During consecutive hot, dry days in Colorado a corn crop can require two inches of irrigation per week totaling 1.6 acre-feet of water through the course of the growing season. Not an ideal choice for high desert or dry plains climates.
Enter the hardy, drought-tolerant safflower. A plant originating from the Middle East, it’s well adapted to low-water situations. Trials out of Utah State University indicate that during a year with average precipitation, safflower required only six to nine inches of supplemental water during its entire 35-week average growing season—a full acre-foot less than corn. In fact, if safflower received more than nine inches of additional water it resulted in decreased yields—proving this crop performs best in areas with warm temperatures and sunny, dry conditions.

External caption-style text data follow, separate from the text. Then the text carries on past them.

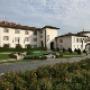 Hotel Parco Borromeo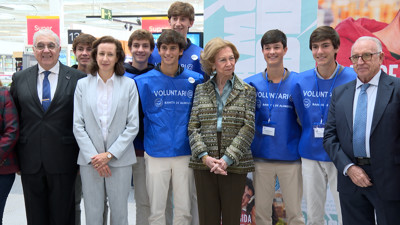 Haga click para ver la vista previa del vídeo.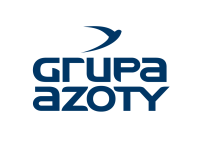 logo azoty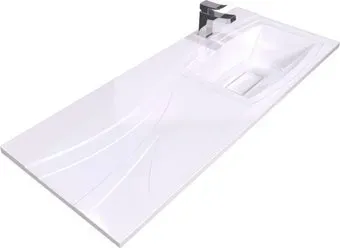 Versalia Elegant 120 R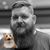 Nick Parkman's profile image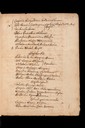 Liber alumnorum superioris Collegii, Band 1, 1594-1658, 1667-1682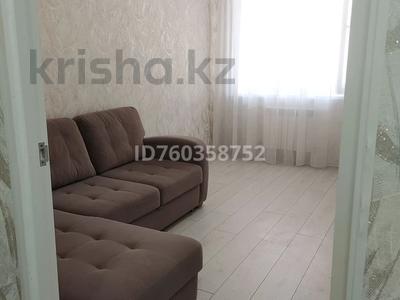 1-комнатная квартира · 37 м² · 8/13 этаж, ТӘУЕЛСІЗДІК 34/9 — МОМЫШУЛЫ - Астана Молл, Дворец школьников за 220 000 ₸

A member of the sunflower family, obvious from its vibrant yellow hue, it was originally used in making dyes for clothing and food preparation. Evaluations of safflower in the Great Plains states began in 1925, but the seed had an oil content that was too low for profitable oil extraction. The Nebraska Agricultural Experiment Station eventually developed varieties with oil contents above 35%, which made the process of creating safflower oil possible.
As the name implies, safflower oil is made from the extract of safflower seeds. It contains both linoleic acid (omega-6) and oleic acid (omega-9). The level of oleic acid ranges from 80% to 83% and is the one of the highest among all cooking oils. This makes safflower oil stable enough to endure high-temperature cooking, and research suggests that the high oleic-acid content could help to lower bad (LDL) cholesterol while maintaining heart healthy (HDL) cholesterol. Safflower oil naturally contains the antioxidant vitamin E2 (alpha-tocopherol) and is also low in saturated fat.
In addition to safflowers’ cooking and health benefits, the process of raising safflower crops can help create biodiverse farms and improve soil health. With the deepest taproot of any annual plant, safflower could help break up plow pans from excessive tillage and aerate the soil.
Patrick Conrey founded the Oil Barn Colorado in 2020 and in partnership with the Jones Family Farm will plant a test plot of safflower in the San Luis Valley this year. While safflower has been grown in Colorado before, Patrick and his team will be testing a specific high-oleic variety.
They will monitor the crops water usage, root growth, yield per acre and oil seed content. If the stand performs as they expect, they’ll be expanding their operation and looking for more farmers interested in growing the crop in Colorado in 2022.
The Oil Barn team hopes an increased knowledge about the benefits of safflower oil will lead to increased demand, and that we’ll begin to see more canary-colored fields of safflower popping up in place of corn all across the Centennial State.